The lawmaker, Andranik Karapetian, said Armenians must not be encouraged to report corruption among their superiors or colleagues to law-enforcement authorities during this week’s parliament debates on this and other anti-corruption bills drafted by the government.
“The institution of whistleblowers does not befit us, Armenians,” Karapetian said. He said the practice would run counter to “Armenianness” and spread mistrust between co-workers in the country.
The remarks prompted criticism and ridicule from Armenian media outlets as well as social media users. Commentators also wondered whether they reflect Dashnaktsutyun’s position.
Armen Rustamian, Dashnaktsutyun’s parliamentary leader, claimed that Karapetian merely warned against reviving the Soviet-era practice of false denunciations by citizens which was particularly widespread during Josef Stalin’s long rule. “There is such concern because [whistleblowing] will be introduced for the first time,” he said.

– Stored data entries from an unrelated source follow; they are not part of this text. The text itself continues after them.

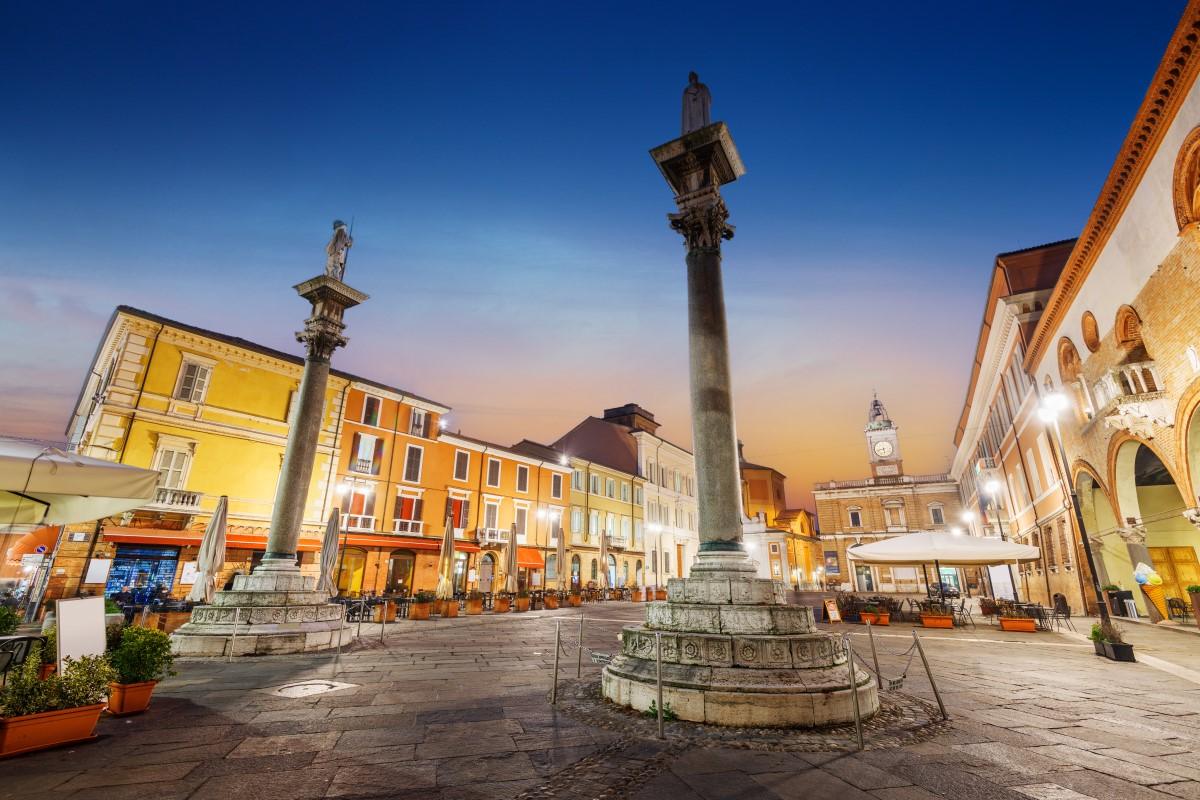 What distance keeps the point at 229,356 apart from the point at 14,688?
21332 mm

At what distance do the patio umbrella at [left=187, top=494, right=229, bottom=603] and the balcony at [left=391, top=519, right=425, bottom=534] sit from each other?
12.3m

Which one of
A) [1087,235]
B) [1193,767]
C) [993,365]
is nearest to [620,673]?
[1193,767]

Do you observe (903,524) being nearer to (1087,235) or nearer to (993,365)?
(993,365)

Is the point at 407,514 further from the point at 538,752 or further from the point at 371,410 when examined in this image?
the point at 538,752

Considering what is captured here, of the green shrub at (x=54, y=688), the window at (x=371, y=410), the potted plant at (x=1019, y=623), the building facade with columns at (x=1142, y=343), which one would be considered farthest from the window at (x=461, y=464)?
the building facade with columns at (x=1142, y=343)

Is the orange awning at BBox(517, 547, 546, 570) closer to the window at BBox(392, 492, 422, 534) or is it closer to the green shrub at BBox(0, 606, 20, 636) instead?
the window at BBox(392, 492, 422, 534)

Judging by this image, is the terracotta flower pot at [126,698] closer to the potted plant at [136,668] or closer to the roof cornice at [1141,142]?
the potted plant at [136,668]

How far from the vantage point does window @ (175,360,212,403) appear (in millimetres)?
20672

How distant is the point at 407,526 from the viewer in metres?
26.6

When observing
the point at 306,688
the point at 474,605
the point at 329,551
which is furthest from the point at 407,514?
the point at 306,688

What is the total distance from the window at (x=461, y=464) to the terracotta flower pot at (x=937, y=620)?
72.7 ft

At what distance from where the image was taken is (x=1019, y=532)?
27891mm

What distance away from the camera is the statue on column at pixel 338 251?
12984 millimetres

“It’s just that [Karapetian] used vocabulary that has been the main theme of the last two days,” Rustamian told RFE/RL’s Armenian service (Azatutyun.am). He argued that Dashnaktsutyun’s parliamentary faction voted for this and other anti-corruption measures passed by the National Assembly this week.
The new mechanism officially called a “system of whistleblowing” will enable citizens to report corruption cases known to them. They will be able to anonymously file such reports through a special website.
Dashnaktsutyun holds 7 seats in the 105-member parliament and is represented in the government by three ministers.